Cyprus will on Thursday mark the 66th anniversary of the Eoka struggle for independence from British colonial rule, which was launched on April 1, 1955.
President Nicos Anastasiades will attend a church service on Thursday morning at the Ayios Ioannis cathedral at the archbishopric.
He will then attend a memorial service at the Imprisoned Graves and lay a wreath to honour the Eoka fighters buried there.
No other large events have been announced such as the annual parades by students and veterans due to the pandemic.
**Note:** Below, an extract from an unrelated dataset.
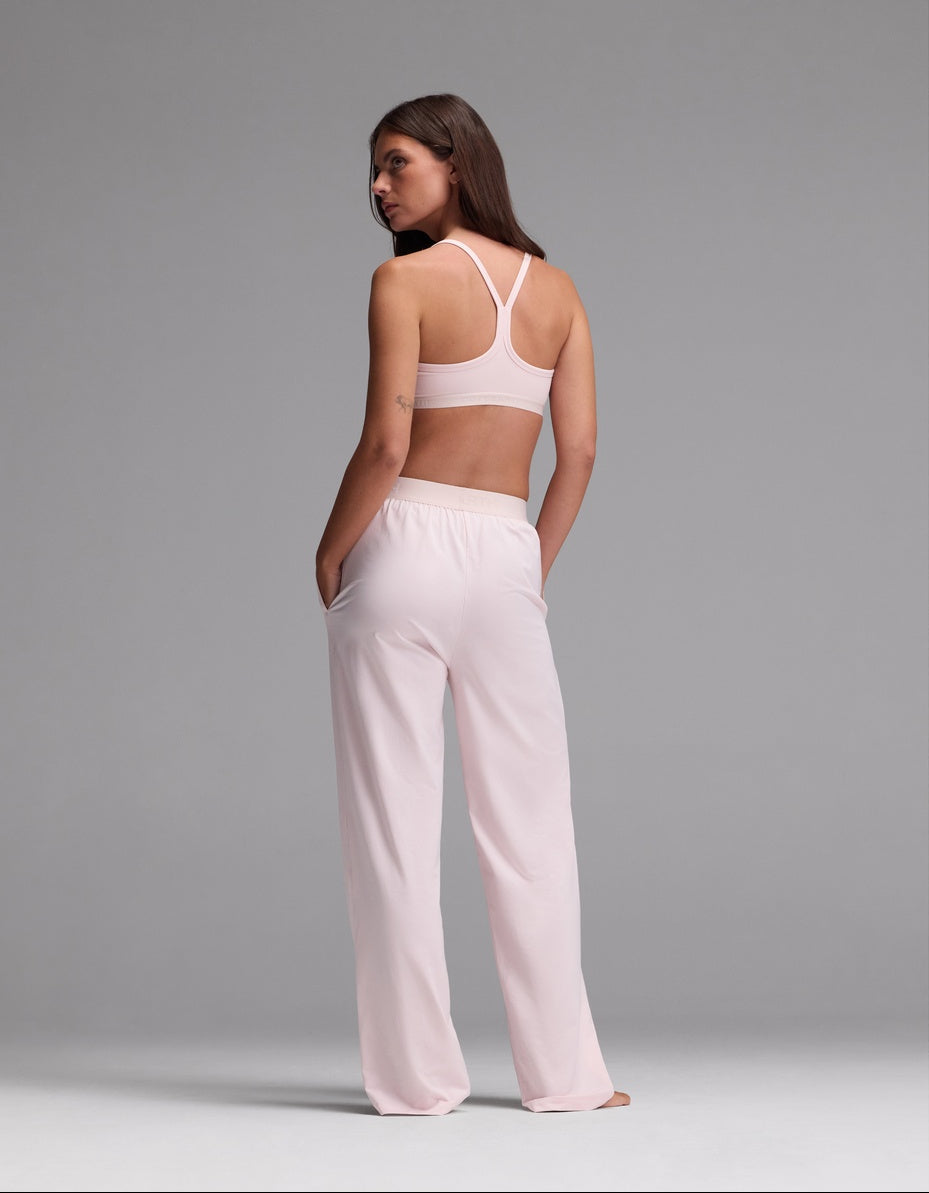 A woman stands with her back to the camera, wearing the Cozy Earth Women’s First Layer Pajama Soft Bra & Pajama Pant Set in light pink. Her hands rest in her pockets as she looks over her shoulder against a plain gray background.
Education Minister, Prodromos Prodromou, in his message to mark the day, read in schools, said that the “the determination of the Greeks of Cyprus to shake off the foreign yoke, which for centuries deprived them of the right to freedom and self-determination, begins from the first moment of the arrival of the British on the island in 1878.”
The 1955-’59 Eoka struggle, he said was successful in seeing Cyprus liberated from British rule. Cyprus has become an independent state, he added.
The minister said: “Today we must defend the independence and integrity of the Republic of Cyprus against Turkish expansionism.”
Drawing from the ideals of the “epic” 1955-59 national liberation struggle, he added: “We must continue to strive, through political means for the achievement of a nationally acceptable and functional solution to the Cyprus problem, through which the occupied territories of our country will be liberated.”